The New Zealand Aged Care Association has been labelled
''cynical'' for deciding to carry out a review of the sector
close to a general election.
In 2010, the publicly funded Grant Thornton aged residential
care service review highlighted a projected increase in
demand which the sector could struggle to meet, due to the
cost of building new facilities.
Aged Care Association chief executive Martin Taylor said the
Government was not interested in repeating the exercise, so
the lobby group would fund its own, to be released about next
March.
The problem of lack of profitability was likely to be worse
than in 2010, he said. This was due to increased regulations,
increased building costs, increased operating costs, and no
significant funding increases except for dementia care.

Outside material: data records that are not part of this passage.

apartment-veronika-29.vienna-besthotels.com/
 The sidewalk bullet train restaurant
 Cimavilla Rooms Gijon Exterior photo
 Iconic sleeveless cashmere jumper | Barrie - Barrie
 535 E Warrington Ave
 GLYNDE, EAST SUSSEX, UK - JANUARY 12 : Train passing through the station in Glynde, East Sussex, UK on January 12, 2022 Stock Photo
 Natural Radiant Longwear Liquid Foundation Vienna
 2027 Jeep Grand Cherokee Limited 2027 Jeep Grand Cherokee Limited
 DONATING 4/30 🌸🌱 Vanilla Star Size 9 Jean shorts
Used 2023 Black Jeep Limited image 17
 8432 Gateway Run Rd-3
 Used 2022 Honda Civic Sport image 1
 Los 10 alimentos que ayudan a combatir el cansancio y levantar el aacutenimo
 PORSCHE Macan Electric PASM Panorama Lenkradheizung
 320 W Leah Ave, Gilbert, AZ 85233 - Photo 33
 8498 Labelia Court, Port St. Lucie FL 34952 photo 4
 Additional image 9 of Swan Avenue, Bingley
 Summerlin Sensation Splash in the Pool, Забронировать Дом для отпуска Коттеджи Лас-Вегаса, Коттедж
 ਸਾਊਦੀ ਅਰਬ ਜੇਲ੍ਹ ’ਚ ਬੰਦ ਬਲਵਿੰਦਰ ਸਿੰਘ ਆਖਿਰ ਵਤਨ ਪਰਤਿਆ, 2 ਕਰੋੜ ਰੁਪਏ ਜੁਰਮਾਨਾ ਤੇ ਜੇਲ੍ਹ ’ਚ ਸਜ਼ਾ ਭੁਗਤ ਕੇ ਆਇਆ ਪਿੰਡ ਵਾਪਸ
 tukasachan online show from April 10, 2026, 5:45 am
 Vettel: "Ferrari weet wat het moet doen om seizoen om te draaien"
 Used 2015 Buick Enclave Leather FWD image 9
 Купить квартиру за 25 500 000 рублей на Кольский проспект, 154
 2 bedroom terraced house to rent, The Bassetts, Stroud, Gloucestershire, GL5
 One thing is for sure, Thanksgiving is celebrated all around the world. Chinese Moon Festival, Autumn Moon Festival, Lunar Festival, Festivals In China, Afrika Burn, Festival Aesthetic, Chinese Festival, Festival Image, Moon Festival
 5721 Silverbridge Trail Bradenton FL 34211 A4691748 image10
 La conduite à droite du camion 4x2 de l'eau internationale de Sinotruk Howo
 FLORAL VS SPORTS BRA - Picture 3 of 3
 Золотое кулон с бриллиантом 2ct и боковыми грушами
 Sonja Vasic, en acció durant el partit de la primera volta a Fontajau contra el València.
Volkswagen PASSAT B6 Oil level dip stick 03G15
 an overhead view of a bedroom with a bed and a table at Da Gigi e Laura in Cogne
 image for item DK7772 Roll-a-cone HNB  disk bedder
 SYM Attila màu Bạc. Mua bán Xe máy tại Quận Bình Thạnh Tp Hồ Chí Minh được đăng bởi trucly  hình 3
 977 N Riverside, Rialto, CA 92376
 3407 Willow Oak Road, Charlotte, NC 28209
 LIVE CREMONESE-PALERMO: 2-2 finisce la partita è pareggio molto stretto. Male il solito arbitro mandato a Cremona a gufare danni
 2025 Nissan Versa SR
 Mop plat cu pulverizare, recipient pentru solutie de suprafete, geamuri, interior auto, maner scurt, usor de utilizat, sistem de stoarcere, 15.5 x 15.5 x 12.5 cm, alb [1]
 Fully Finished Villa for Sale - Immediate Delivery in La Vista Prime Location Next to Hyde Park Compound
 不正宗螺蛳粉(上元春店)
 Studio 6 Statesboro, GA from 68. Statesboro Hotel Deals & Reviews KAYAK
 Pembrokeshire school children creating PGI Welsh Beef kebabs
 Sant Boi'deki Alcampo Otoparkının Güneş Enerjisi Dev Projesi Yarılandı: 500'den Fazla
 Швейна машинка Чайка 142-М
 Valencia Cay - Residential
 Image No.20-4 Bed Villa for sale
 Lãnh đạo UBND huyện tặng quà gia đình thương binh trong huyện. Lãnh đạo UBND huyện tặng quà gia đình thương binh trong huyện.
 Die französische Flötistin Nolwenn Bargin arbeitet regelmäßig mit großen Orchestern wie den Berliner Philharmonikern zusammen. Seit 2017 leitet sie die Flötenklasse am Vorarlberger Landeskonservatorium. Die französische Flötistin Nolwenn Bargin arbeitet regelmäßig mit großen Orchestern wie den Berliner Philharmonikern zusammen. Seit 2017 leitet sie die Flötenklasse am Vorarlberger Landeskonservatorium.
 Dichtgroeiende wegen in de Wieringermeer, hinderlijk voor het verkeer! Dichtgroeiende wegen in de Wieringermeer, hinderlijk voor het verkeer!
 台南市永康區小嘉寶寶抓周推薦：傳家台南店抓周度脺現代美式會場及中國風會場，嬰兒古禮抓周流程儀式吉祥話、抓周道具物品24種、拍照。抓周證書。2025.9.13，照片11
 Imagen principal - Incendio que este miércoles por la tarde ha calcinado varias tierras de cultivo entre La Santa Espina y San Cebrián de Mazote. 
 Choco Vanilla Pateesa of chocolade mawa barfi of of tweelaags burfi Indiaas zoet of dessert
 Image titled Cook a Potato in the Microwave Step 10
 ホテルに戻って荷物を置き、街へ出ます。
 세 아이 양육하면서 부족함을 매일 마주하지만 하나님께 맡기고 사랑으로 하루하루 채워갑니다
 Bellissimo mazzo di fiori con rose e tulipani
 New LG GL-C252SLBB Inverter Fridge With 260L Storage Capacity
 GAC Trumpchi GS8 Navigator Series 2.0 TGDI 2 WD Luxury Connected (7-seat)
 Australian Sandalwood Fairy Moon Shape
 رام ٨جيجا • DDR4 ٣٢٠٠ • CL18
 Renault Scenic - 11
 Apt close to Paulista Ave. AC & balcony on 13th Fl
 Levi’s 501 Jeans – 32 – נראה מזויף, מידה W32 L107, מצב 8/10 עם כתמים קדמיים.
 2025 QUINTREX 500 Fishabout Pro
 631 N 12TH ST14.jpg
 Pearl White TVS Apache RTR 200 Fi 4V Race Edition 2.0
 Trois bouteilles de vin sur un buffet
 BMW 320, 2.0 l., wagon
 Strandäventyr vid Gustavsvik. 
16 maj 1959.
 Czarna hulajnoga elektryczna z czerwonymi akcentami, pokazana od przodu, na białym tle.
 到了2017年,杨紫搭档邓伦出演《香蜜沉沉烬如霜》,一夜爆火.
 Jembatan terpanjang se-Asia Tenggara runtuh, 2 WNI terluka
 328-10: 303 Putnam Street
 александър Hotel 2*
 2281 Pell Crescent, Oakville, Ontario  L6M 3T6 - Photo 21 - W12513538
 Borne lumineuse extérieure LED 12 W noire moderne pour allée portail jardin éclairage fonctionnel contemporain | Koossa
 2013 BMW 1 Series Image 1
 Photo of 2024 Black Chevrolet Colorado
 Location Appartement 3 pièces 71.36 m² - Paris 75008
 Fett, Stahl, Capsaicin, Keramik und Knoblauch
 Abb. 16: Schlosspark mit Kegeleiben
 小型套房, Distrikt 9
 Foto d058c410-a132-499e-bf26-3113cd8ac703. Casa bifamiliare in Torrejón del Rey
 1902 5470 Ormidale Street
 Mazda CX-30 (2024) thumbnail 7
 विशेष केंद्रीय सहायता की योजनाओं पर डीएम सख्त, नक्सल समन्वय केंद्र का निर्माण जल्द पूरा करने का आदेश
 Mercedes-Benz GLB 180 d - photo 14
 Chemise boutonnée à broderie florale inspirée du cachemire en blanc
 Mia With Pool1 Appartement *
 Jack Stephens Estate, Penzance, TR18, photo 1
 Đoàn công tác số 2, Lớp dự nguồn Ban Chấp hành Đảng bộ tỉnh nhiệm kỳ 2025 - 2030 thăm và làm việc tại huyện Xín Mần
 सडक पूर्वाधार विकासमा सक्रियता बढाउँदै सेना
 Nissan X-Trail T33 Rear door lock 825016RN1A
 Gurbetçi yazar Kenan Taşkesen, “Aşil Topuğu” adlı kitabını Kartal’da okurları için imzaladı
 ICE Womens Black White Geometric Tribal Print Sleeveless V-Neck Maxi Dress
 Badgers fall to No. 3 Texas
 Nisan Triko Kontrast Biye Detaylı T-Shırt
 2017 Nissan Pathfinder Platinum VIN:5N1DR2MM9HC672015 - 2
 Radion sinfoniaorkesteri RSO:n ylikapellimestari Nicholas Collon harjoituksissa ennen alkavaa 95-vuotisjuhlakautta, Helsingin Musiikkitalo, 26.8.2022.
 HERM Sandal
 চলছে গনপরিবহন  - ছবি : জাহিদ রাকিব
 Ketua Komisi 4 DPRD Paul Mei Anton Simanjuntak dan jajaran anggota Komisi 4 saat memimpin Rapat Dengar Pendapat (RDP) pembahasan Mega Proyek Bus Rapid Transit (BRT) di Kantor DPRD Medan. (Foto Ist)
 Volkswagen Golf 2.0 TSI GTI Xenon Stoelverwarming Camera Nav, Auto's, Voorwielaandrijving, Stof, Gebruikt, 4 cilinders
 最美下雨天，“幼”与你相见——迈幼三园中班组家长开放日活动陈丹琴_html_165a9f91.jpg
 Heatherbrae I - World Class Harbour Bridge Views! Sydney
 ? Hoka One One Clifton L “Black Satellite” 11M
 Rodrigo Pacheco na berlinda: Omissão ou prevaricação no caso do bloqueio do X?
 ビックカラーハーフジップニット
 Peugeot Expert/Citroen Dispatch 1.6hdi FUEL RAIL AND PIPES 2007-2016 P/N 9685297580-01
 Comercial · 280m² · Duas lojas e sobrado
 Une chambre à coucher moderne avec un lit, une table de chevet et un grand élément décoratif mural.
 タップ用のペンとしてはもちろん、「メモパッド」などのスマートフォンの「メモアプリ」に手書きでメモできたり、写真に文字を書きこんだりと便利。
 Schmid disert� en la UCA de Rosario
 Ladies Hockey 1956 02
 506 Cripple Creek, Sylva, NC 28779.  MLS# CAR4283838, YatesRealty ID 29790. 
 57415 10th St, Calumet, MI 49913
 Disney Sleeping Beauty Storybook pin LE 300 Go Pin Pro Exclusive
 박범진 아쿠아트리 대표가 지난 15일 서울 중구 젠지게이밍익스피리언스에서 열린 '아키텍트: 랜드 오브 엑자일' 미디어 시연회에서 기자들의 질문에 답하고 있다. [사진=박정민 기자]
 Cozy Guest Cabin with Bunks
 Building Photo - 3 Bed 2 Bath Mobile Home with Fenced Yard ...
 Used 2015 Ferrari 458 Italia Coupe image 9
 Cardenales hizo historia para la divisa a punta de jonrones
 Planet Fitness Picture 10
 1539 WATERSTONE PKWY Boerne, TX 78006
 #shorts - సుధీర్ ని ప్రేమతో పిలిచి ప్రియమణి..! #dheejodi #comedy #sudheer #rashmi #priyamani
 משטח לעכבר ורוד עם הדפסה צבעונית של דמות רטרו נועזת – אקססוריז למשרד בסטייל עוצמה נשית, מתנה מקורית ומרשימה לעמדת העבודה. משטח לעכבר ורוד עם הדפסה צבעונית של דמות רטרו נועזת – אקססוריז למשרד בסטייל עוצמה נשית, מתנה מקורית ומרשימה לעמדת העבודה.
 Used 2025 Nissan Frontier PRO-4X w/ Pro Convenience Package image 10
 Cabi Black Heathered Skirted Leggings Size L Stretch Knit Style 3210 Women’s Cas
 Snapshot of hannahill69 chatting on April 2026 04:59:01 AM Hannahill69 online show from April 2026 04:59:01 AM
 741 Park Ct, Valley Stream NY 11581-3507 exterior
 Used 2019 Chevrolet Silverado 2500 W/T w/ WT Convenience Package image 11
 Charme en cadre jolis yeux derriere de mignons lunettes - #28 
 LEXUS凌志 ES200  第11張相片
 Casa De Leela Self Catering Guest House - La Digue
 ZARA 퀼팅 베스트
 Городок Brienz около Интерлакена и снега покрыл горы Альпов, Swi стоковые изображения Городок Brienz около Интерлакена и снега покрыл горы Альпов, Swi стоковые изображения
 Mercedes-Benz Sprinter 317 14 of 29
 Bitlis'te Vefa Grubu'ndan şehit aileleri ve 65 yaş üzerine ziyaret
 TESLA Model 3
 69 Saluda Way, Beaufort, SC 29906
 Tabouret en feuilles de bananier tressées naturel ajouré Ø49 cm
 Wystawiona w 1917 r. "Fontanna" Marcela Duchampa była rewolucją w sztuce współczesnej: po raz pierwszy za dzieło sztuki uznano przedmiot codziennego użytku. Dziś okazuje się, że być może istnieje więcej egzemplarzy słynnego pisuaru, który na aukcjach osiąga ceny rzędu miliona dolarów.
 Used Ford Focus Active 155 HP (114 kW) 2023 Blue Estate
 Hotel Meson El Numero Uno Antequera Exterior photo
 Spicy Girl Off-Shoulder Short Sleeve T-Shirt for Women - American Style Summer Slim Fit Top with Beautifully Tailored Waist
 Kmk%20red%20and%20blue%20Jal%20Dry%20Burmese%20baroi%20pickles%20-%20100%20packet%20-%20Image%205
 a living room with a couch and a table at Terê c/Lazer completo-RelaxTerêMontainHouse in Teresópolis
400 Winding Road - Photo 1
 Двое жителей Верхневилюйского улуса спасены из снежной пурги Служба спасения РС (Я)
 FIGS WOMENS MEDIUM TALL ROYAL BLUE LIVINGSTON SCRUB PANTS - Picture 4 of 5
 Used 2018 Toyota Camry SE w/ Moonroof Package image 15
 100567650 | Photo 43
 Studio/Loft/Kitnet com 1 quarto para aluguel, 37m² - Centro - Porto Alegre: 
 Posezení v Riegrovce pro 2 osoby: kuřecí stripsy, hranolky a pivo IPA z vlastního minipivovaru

Mr Taylor said it was unlikely that in an election year the
Government would welcome a report that could highlight a lack
of progress.
Nelson Marlborough Health Board chief executive Chris
Fleming, the district health boards' lead chief executive for
health of older people, said the lobby group's timing was
cynical.
''I would view it as relatively cynical that they're going to
go and fund a follow-up review themselves ... I don't think
it takes a genius to figure out the timing of that.''
The Grant Thornton report, which cost about $1 million,
identified the issues, and it was now time to get on with
finding solutions rather than undertaking another stocktake,
he said.
The aged care lobby viewed the sector's problems solely as a
funding issue, when it was wider than that, Mr Fleming said.
It was not all ''doom and gloom'' either, he said, pointing
out many new facilities had opened in recent years.